Your objective — Reproduce verbatim only the lines from the one containing "Shiny Double Ball Earrings in Gold" through the last line below, both included.

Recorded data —
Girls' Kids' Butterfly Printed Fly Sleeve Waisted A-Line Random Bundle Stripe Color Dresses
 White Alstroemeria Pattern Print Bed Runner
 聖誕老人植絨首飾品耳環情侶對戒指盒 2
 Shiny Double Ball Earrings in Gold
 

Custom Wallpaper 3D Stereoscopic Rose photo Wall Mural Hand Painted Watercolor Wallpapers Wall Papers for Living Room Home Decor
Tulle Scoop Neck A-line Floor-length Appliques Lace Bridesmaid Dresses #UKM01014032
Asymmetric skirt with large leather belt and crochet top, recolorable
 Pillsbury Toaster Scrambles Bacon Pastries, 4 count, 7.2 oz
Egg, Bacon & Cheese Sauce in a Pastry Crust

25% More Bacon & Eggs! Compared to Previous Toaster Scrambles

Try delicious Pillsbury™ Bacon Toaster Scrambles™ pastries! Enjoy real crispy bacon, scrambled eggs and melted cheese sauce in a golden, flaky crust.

Expected answer —
 Shiny Double Ball Earrings in Gold
 

Custom Wallpaper 3D Stereoscopic Rose photo Wall Mural Hand Painted Watercolor Wallpapers Wall Papers for Living Room Home Decor
Tulle Scoop Neck A-line Floor-length Appliques Lace Bridesmaid Dresses #UKM01014032
Asymmetric skirt with large leather belt and crochet top, recolorable
 Pillsbury Toaster Scrambles Bacon Pastries, 4 count, 7.2 oz
Egg, Bacon & Cheese Sauce in a Pastry Crust

25% More Bacon & Eggs! Compared to Previous Toaster Scrambles

Try delicious Pillsbury™ Bacon Toaster Scrambles™ pastries! Enjoy real crispy bacon, scrambled eggs and melted cheese sauce in a golden, flaky crust.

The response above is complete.